Generation 1 - Current best internal CV score: -3146.3151389530494
                                                                                                                               
Generation 2 - Current best internal CV score: -3130.063760139031
                                                                                                                               
Generation 3 - Current best internal CV score: -3129.3452341689585
                                                                                                                               
Generation 4 - Current best internal CV score: -3129.3452341689585
                                                                                                                               
Generation 5 - Current best internal CV score: -3129.3452341689585
                          

### Technical tips:
(1) n_jobs=-1 will use as many cores as available on the compute

Without seeting it in the TPOTRegressor will result in error message of "A pipeline has not yet been optimized"

(2) use_dask= "True" cannot be used, otherwise it will result in the same error as above

## Results

a lasso regression model is found to perform the best by tpot 

In [27]:
tpot_model.score(df_test.iloc[:,0:10], df_test['target'])

-2662.3504492777415

In [31]:
tpot_model.fitted_pipeline_

Pipeline(steps=[('rbfsampler',
                 RBFSampler(gamma=0.9500000000000001, random_state=1)),
                ('lassolarscv', LassoLarsCV(normalize=True))])

You can see calling "fitted_pipeline_" is the same as use the tpot_model (tpot object directly)

In [32]:
tpot_model.fitted_pipeline_.predict(df_test.iloc[0:5,0:10])

array([170.55528616, 210.79028115, 188.82781319,  90.71896874,
       126.41051848])

In [29]:
tpot_model.predict(df_test.iloc[0:5,0:10])

array([170.55528616, 210.79028115, 188.82781319,  90.71896874,
       126.41051848])

## Check out the best model pipeline by tpot

In [25]:
!cat automl_best_model_pipeline_by_tpot.py

import numpy as np
import pandas as pd
from sklearn.kernel_approximation import RBFSampler
from sklearn.linear_model import LassoLarsCV
from sklearn.model_selection import train_test_split
from sklearn.pipeline import make_pipeline
from tpot.export_utils import set_param_recursive

# NOTE: Make sure that the outcome column is labeled 'target' in the data file
tpot_data = pd.read_csv('PATH/TO/DATA/FILE', sep='COLUMN_SEPARATOR', dtype=np.float64)
features = tpot_data.drop('target', axis=1)
training_features, testing_features, training_target, testing_target = \
            train_test_split(features, tpot_data['target'], random_state=1)

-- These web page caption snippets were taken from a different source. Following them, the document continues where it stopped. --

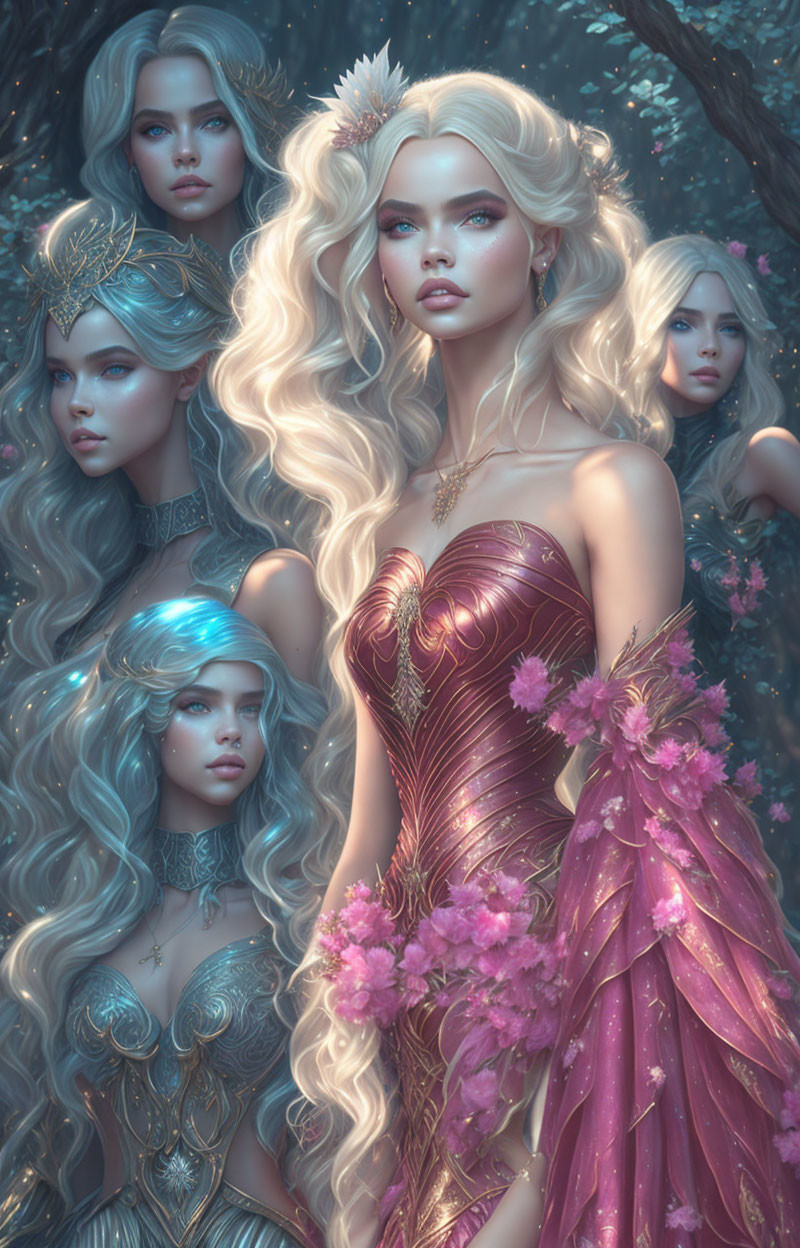 Ethereal female figures in ornate attire among luminous forest.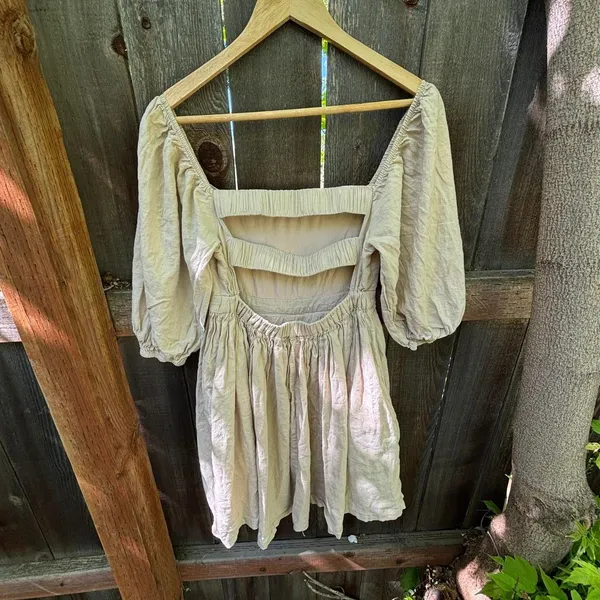 Mable Linen Blend Beige Londyn 3/4 Puff Sleeve Open Back Mini Dress Small - Image 7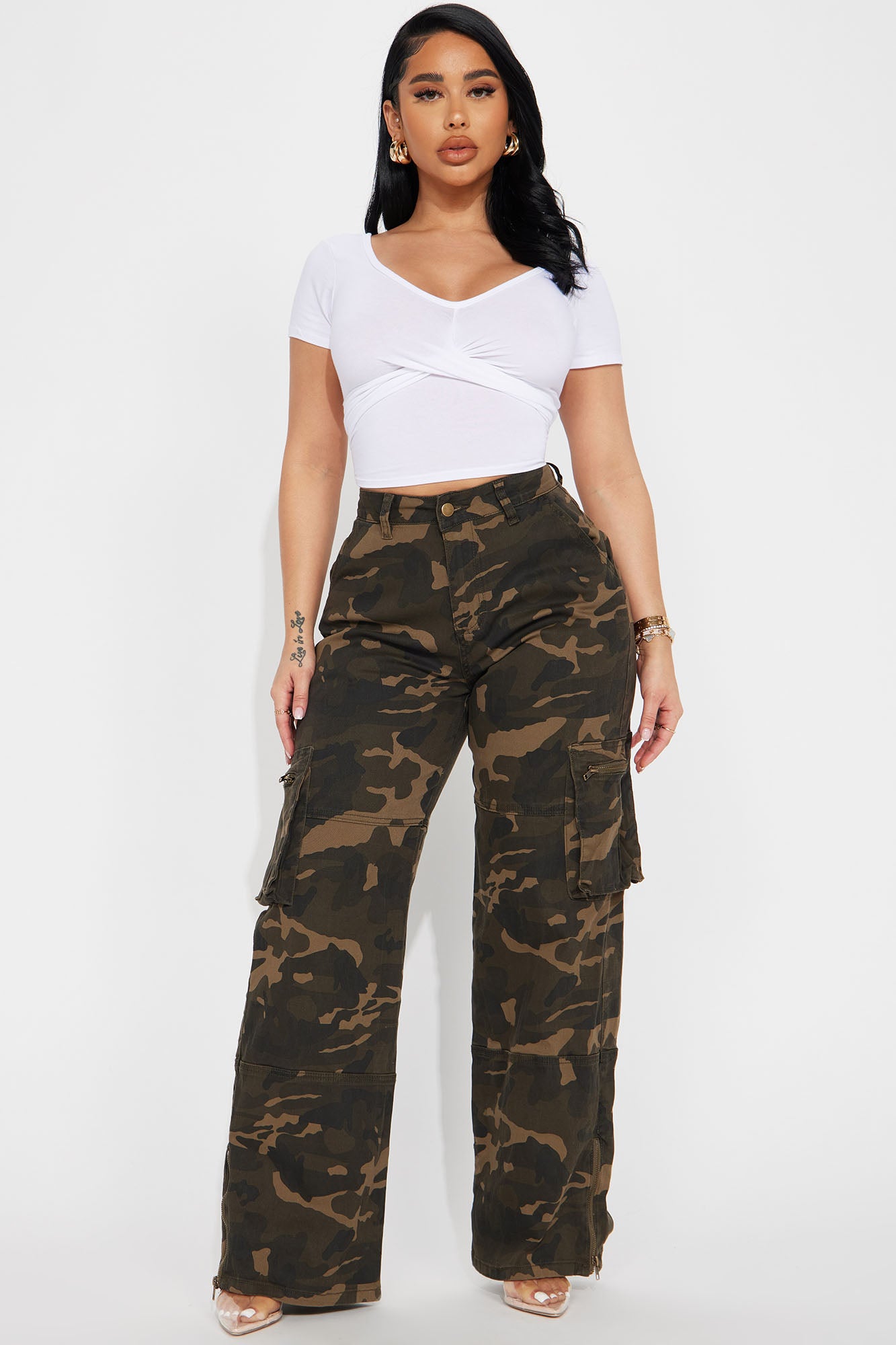 Give It Up Camo Cargo Pant Olive combo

# Average CV score on the training set was: -3129.3452341689585
exported_pipeline = make_pipeline(
    RBFSampler(gamma=0.9500000000000001),
    LassoLarsCV(normalize=True)
)
# Fix random state for all the steps in exported pipeline
set_param_recursive(exported_pipeline.steps, 'random_state', 1)

exported_pipeline.fit(training_features, training_target)
r

## Save the best model

In [33]:
#we can only pickle the fitted_pipeline_ not the tpot object
import pickle
filehandler1 = open(b"diabetes_tpot_automl.model","wb")
pickle.dump(tpot_model.fitted_pipeline_,filehandler1)
filehandler1.close()

## Use r2 to check the performance

In [35]:
from sklearn.metrics import r2_score
y_test_predicted=tpot_model.predict(df_test.iloc[:,0:10])
r2_score(df_test["target"],y_test_predicted)

0.5735120348720234

Remember previously the results from the hyperopt, the r2 score was 0.52. So this autoML results performs slightly better.

## Use mean absolute error to score the predictions

In [36]:
from sklearn.metrics import mean_absolute_error
mean_absolute_error(df_test["target"],y_test_predicted)

42.193522111272294

Similar to the conclusions using r2: remember previously the results from the hyperopt, the mean absolute error is 44; so this autoML results performs slightly better.